Work to be completed
Write out the records in full, exactly as given, but without the images.

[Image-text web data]
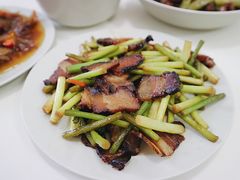 蒜苗腊肉-杭百味·大众精选杭帮菜(西湖音乐喷泉店)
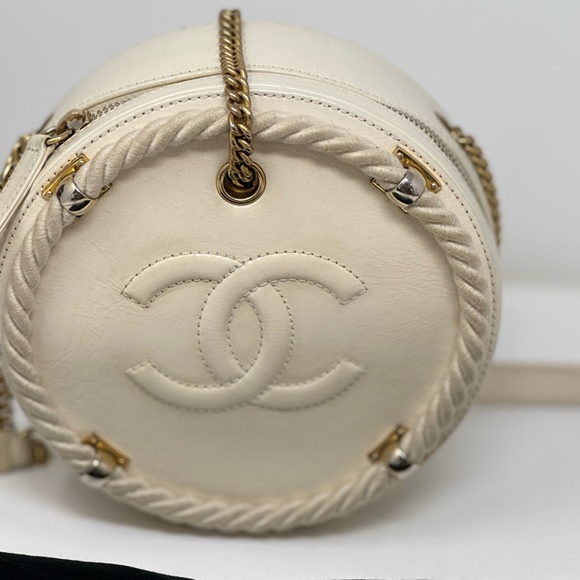 💎💯Authentic CHANEL Trendy CC Vanity Leather Bag (off white) - Picture 3 of 14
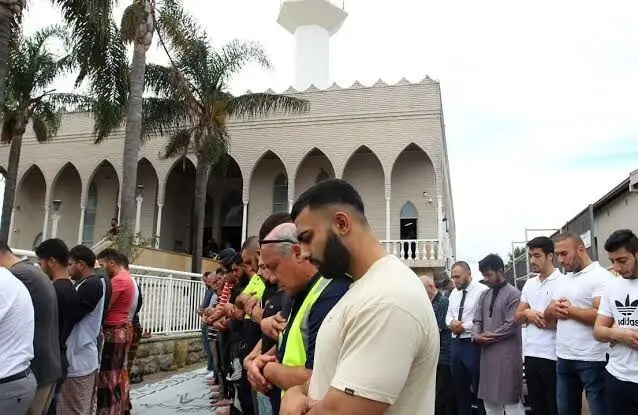 نمایش سر خوک هنگام نماز جمعه جنجال‌برانگیز شد

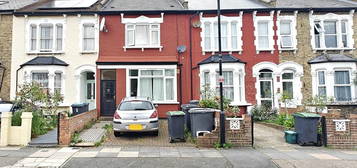 Flat to rent in Whittington Road, Wood Green N22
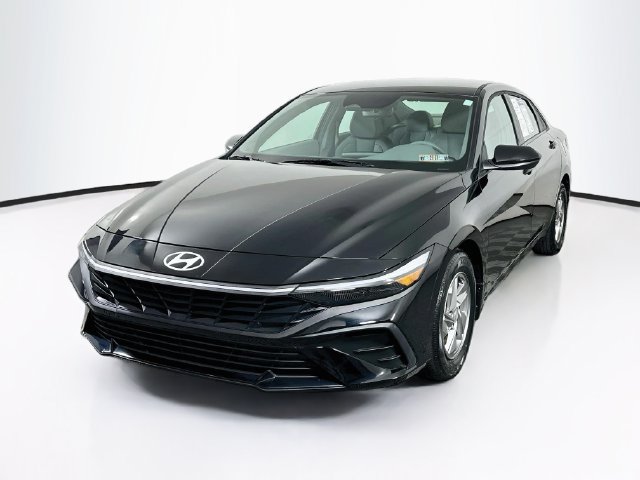 Certified 2025 Hyundai Elantra SE FWD image 3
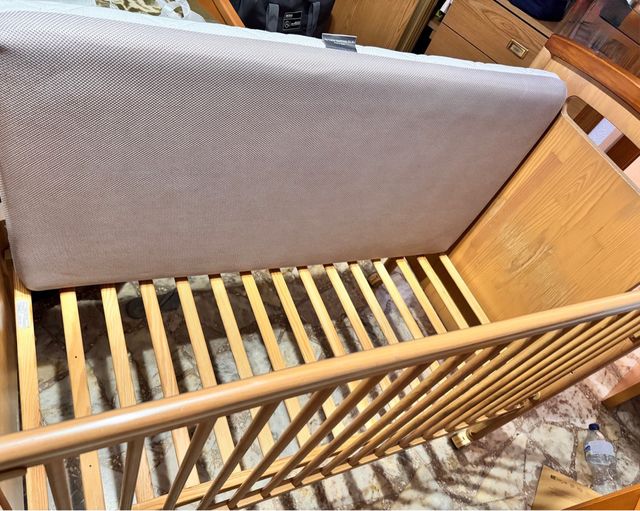 Cuna de madera maciza, con colchón nuevo y bueno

Result
 蒜苗腊肉-杭百味·大众精选杭帮菜(西湖音乐喷泉店)
 💎💯Authentic CHANEL Trendy CC Vanity Leather Bag (off white) - Picture 3 of 14
 نمایش سر خوک هنگام نماز جمعه جنجال‌برانگیز شد

 Flat to rent in Whittington Road, Wood Green N22
 Certified 2025 Hyundai Elantra SE FWD image 3
 Cuna de madera maciza, con colchón nuevo y bueno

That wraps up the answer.